_Records from a data source_
- - -

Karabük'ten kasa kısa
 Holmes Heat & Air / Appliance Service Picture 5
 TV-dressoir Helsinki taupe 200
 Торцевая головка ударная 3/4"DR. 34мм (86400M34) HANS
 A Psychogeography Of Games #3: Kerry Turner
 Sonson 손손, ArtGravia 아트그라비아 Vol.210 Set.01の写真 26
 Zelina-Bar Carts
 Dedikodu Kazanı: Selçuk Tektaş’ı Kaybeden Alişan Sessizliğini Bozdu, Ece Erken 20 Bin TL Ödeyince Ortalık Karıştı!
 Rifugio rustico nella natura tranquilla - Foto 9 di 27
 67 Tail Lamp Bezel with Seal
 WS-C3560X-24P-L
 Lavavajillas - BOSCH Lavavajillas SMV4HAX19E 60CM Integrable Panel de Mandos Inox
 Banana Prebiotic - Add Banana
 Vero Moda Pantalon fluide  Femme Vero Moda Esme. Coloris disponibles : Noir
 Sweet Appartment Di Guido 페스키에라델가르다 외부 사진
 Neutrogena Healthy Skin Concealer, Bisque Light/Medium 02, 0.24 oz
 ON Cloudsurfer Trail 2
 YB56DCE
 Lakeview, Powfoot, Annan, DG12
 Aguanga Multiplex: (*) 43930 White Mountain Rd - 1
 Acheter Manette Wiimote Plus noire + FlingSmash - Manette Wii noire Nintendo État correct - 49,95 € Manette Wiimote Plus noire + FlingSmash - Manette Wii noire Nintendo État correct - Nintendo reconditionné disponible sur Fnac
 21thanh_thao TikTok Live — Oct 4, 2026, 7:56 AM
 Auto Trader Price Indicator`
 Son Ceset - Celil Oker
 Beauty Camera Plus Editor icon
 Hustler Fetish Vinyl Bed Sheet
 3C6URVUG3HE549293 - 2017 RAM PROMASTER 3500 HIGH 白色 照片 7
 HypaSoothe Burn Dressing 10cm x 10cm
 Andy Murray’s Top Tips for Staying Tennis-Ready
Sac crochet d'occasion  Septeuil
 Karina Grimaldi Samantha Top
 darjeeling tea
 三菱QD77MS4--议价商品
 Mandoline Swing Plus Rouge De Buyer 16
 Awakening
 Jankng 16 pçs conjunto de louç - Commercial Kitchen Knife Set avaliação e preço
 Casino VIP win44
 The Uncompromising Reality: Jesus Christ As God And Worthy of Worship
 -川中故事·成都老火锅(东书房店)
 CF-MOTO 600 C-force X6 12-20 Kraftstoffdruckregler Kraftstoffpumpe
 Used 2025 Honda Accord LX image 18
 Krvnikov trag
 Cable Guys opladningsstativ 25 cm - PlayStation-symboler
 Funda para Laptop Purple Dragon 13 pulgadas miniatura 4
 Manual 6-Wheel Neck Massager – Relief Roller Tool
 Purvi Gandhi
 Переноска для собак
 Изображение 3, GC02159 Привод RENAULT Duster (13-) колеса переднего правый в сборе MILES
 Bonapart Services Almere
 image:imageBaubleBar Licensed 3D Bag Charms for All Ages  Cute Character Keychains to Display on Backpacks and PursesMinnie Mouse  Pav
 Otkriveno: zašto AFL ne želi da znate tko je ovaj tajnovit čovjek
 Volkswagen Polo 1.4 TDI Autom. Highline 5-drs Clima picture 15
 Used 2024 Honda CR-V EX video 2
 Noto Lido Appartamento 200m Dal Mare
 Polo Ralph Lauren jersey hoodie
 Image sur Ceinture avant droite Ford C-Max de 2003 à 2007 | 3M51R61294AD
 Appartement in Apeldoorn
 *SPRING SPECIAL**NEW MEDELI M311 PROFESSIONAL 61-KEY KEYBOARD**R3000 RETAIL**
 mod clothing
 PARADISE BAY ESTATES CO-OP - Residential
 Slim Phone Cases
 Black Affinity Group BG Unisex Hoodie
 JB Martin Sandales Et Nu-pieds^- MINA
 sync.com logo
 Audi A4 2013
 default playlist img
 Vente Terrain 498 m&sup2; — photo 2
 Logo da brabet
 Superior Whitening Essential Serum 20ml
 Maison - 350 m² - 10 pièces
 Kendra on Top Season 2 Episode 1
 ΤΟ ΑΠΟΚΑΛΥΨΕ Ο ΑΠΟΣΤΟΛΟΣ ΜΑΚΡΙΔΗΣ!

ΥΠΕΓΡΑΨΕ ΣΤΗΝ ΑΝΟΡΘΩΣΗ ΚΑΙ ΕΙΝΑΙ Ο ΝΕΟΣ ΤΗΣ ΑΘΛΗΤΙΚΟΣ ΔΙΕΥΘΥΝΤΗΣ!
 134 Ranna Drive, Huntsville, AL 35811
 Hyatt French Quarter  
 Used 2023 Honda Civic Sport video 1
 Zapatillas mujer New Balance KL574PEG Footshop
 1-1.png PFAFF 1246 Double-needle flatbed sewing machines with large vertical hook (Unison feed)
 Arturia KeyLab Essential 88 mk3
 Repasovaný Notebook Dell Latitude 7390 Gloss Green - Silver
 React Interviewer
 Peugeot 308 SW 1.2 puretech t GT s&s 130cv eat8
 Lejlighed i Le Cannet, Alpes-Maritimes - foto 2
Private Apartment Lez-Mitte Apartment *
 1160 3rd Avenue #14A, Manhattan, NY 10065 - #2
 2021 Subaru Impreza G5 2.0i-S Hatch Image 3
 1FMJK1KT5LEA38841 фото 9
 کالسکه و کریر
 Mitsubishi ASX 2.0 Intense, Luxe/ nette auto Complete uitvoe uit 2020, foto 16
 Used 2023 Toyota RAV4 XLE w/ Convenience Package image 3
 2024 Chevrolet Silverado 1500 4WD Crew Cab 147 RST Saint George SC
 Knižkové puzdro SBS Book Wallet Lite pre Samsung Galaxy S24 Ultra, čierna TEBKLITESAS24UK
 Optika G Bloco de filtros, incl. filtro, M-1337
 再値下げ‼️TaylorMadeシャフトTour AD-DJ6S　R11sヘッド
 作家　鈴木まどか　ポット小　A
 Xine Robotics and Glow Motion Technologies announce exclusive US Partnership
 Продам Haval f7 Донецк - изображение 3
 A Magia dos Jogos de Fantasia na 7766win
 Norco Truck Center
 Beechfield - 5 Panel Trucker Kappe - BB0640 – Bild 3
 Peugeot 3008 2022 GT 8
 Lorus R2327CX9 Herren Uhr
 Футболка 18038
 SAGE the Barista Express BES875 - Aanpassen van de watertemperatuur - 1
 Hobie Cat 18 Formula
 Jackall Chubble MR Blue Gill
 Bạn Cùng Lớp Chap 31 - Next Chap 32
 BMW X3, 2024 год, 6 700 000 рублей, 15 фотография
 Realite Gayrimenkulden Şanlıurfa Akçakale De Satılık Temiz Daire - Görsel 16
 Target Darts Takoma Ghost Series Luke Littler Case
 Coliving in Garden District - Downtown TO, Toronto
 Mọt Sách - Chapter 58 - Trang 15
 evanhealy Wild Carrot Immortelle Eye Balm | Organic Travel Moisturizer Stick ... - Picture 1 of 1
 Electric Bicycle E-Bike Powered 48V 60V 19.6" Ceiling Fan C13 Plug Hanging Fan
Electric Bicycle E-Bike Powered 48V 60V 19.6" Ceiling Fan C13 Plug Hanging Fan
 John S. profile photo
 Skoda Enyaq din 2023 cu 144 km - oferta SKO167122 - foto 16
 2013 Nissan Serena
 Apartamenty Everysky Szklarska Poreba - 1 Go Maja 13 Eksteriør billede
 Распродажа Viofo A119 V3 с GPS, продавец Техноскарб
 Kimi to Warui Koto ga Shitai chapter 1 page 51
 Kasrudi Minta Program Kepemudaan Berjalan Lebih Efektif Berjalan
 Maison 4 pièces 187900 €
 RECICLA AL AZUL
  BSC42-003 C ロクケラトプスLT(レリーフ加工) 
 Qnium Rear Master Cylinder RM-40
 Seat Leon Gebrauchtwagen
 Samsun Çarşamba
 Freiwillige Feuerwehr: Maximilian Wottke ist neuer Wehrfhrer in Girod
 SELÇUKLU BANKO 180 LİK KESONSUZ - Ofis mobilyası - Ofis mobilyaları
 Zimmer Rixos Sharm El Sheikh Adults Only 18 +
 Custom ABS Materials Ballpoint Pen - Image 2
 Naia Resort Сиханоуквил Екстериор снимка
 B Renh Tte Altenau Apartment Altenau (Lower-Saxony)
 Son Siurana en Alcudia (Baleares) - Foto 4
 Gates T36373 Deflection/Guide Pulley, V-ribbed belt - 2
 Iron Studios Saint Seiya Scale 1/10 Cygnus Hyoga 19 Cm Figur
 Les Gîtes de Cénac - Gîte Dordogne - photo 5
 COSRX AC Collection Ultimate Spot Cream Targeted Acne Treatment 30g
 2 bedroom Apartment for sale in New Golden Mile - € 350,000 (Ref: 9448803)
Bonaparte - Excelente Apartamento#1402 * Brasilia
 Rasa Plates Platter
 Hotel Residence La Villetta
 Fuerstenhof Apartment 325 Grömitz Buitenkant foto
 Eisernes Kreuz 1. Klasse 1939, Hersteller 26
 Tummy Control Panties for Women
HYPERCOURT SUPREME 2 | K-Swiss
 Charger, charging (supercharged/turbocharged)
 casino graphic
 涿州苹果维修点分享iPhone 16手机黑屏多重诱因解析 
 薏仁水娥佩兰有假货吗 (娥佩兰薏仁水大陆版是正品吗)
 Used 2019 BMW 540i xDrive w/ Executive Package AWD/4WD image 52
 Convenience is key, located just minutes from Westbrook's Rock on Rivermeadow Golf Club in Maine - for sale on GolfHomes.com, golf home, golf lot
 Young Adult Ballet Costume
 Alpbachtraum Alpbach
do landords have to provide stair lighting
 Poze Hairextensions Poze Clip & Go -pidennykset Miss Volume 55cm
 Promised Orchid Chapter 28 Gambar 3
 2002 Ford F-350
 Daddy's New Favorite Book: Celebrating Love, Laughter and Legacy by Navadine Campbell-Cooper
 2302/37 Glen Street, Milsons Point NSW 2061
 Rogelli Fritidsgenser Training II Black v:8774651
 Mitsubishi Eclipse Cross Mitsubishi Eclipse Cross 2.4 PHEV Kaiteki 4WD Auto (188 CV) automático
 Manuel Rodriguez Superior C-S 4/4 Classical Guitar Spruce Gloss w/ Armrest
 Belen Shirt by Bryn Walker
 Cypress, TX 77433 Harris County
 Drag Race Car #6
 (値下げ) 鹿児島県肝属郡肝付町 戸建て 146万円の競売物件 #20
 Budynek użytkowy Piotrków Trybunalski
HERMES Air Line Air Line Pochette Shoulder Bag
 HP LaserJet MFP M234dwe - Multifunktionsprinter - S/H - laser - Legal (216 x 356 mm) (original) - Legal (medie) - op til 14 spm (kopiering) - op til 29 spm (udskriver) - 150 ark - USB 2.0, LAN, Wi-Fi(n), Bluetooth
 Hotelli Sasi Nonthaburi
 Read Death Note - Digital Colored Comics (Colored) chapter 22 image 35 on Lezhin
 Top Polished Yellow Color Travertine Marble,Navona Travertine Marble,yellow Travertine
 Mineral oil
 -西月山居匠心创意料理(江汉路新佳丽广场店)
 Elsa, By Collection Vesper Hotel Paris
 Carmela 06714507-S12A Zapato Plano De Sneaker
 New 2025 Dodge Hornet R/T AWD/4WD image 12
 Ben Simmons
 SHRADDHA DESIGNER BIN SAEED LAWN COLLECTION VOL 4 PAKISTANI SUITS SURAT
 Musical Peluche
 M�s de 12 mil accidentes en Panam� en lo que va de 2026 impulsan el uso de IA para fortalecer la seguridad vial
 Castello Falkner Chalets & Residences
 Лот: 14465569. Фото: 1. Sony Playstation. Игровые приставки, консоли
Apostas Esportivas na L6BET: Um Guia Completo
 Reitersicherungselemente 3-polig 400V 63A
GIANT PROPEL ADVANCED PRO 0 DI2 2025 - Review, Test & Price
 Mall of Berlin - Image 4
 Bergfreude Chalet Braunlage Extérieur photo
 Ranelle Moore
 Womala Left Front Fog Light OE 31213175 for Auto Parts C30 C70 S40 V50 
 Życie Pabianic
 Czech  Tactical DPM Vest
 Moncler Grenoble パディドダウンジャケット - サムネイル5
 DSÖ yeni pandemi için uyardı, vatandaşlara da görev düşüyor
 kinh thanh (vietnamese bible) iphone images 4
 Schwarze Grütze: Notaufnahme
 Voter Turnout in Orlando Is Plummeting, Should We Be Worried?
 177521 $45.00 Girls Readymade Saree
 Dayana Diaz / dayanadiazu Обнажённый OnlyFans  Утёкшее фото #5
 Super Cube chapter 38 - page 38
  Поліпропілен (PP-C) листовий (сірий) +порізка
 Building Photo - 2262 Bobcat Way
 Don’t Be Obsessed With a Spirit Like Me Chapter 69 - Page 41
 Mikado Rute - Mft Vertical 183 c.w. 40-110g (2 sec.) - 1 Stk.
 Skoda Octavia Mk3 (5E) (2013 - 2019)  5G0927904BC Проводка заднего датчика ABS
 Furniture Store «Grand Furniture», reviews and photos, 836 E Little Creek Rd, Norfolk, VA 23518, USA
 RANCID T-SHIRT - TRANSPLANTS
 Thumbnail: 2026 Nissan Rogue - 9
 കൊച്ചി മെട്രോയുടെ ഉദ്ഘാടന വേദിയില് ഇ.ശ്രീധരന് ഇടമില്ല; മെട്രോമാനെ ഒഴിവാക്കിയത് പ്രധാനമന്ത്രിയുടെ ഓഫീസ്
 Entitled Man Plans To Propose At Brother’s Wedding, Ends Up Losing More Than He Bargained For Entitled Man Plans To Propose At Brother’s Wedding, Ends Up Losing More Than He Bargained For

- - -

_WHAT IS REQUIRED_
The required output is every line above from the one with "21thanh_thao TikTok Live" down to the one with "Polo Ralph Lauren jersey hoodie", restated word for word, ends included.

_ANSWER FOR THE TASK_
 21thanh_thao TikTok Live — Oct 4, 2026, 7:56 AM
 Auto Trader Price Indicator`
 Son Ceset - Celil Oker
 Beauty Camera Plus Editor icon
 Hustler Fetish Vinyl Bed Sheet
 3C6URVUG3HE549293 - 2017 RAM PROMASTER 3500 HIGH 白色 照片 7
 HypaSoothe Burn Dressing 10cm x 10cm
 Andy Murray’s Top Tips for Staying Tennis-Ready
Sac crochet d'occasion  Septeuil
 Karina Grimaldi Samantha Top
 darjeeling tea
 三菱QD77MS4--议价商品
 Mandoline Swing Plus Rouge De Buyer 16
 Awakening
 Jankng 16 pçs conjunto de louç - Commercial Kitchen Knife Set avaliação e preço
 Casino VIP win44
 The Uncompromising Reality: Jesus Christ As God And Worthy of Worship
 -川中故事·成都老火锅(东书房店)
 CF-MOTO 600 C-force X6 12-20 Kraftstoffdruckregler Kraftstoffpumpe
 Used 2025 Honda Accord LX image 18
 Krvnikov trag
 Cable Guys opladningsstativ 25 cm - PlayStation-symboler
 Funda para Laptop Purple Dragon 13 pulgadas miniatura 4
 Manual 6-Wheel Neck Massager – Relief Roller Tool
 Purvi Gandhi
 Переноска для собак
 Изображение 3, GC02159 Привод RENAULT Duster (13-) колеса переднего правый в сборе MILES
 Bonapart Services Almere
 image:imageBaubleBar Licensed 3D Bag Charms for All Ages  Cute Character Keychains to Display on Backpacks and PursesMinnie Mouse  Pav
 Otkriveno: zašto AFL ne želi da znate tko je ovaj tajnovit čovjek
 Volkswagen Polo 1.4 TDI Autom. Highline 5-drs Clima picture 15
 Used 2024 Honda CR-V EX video 2
 Noto Lido Appartamento 200m Dal Mare
 Polo Ralph Lauren jersey hoodie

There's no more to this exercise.